REQUIRED ACTION: Type out all the records word for word. Any pictures are to be left out.
= Beginning of Section =
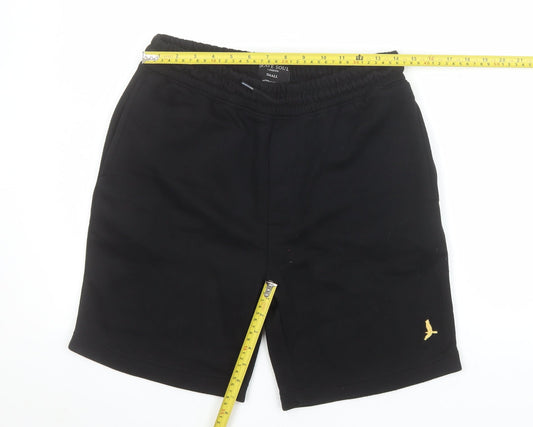 Brave Soul Men's Black Small Sweat Shorts Elastic Waist Casual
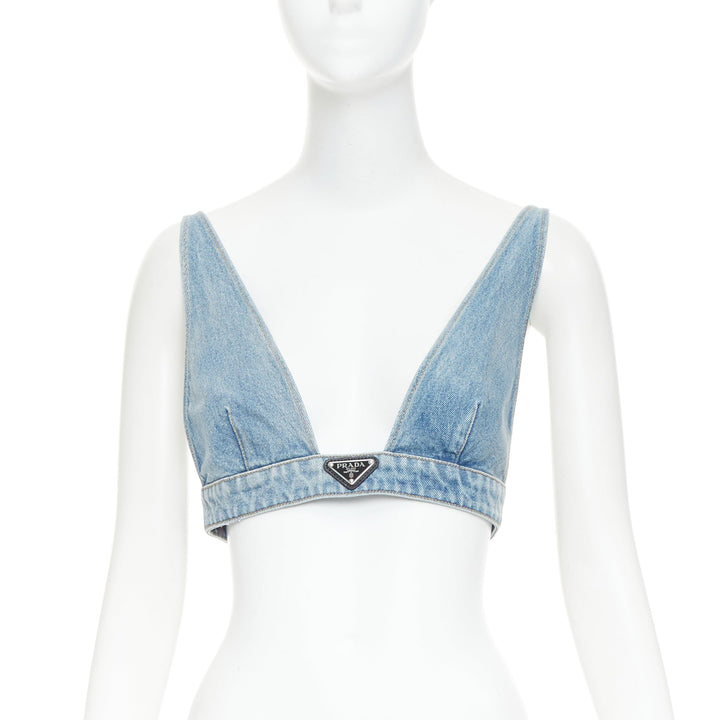 PRADA 2021 Organic Denim Bralette blue washed triangle logo plunge top IT42 M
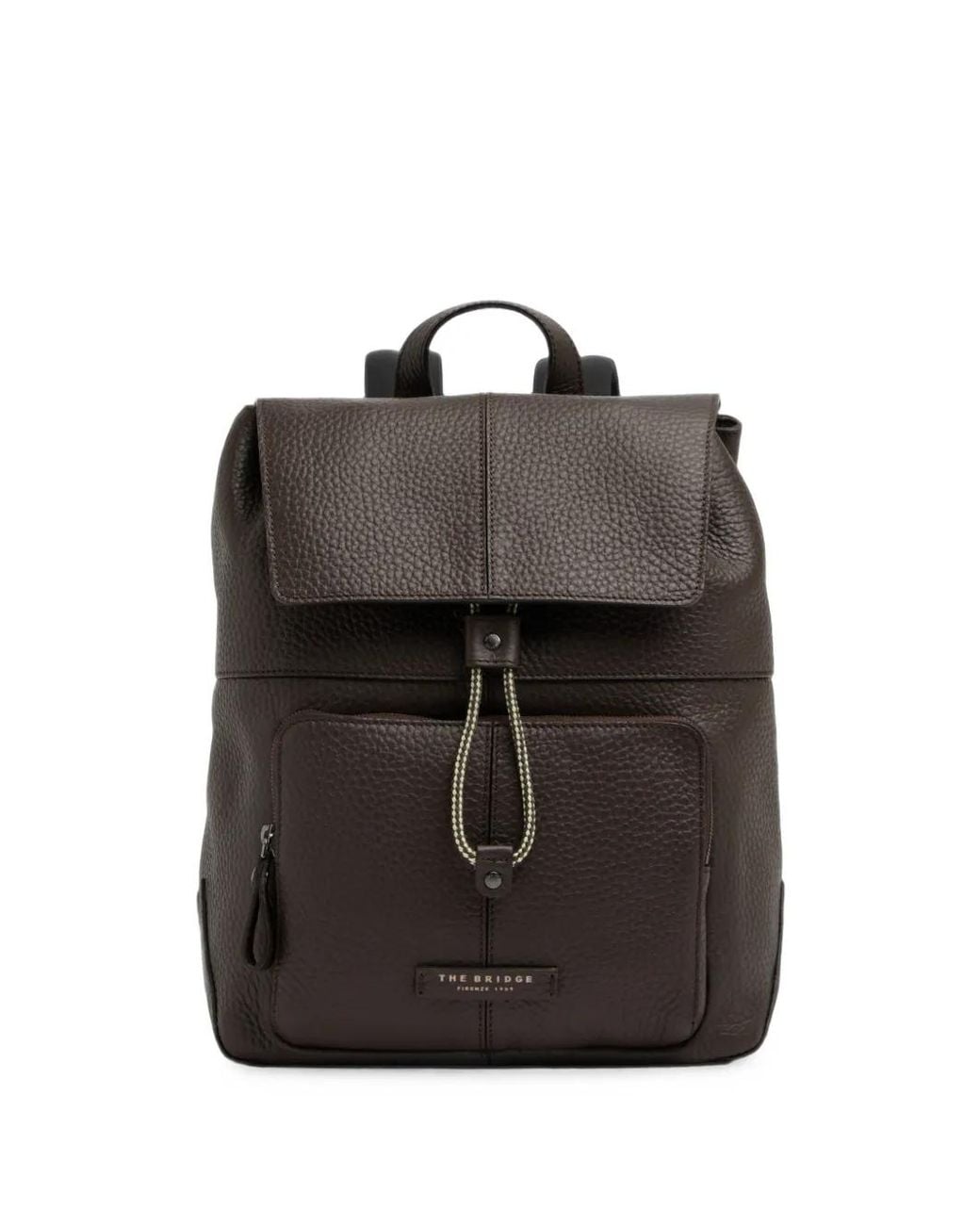 The Bridge Black Grained Leather Backpack for men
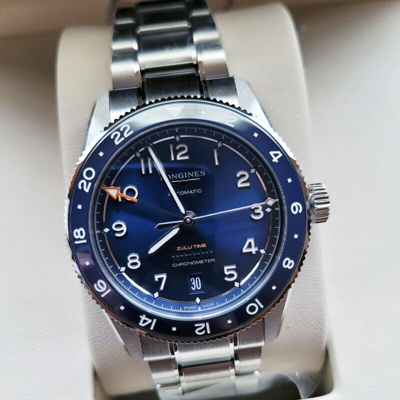 Pre-owned Longines Spirit Zulu Time 39mm Blue Dial Gmt Steel Men's Watch L38024936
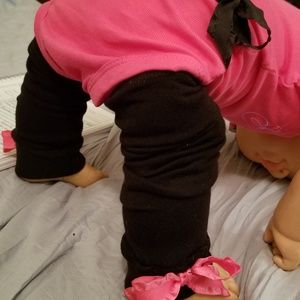 Custom made to order onsie bow leg warmers 35 doll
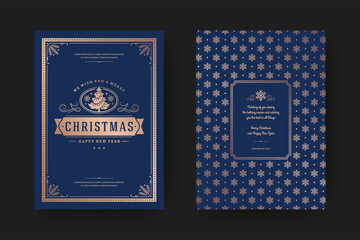 Christmas greeting card vintage typographic design ornate decoration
= End of Section =
OUTPUT BELOW:
 Brave Soul Men's Black Small Sweat Shorts Elastic Waist Casual
 PRADA 2021 Organic Denim Bralette blue washed triangle logo plunge top IT42 M
 The Bridge Black Grained Leather Backpack for men
 Pre-owned Longines Spirit Zulu Time 39mm Blue Dial Gmt Steel Men's Watch L38024936
 Custom made to order onsie bow leg warmers 35 doll
 Christmas greeting card vintage typographic design ornate decoration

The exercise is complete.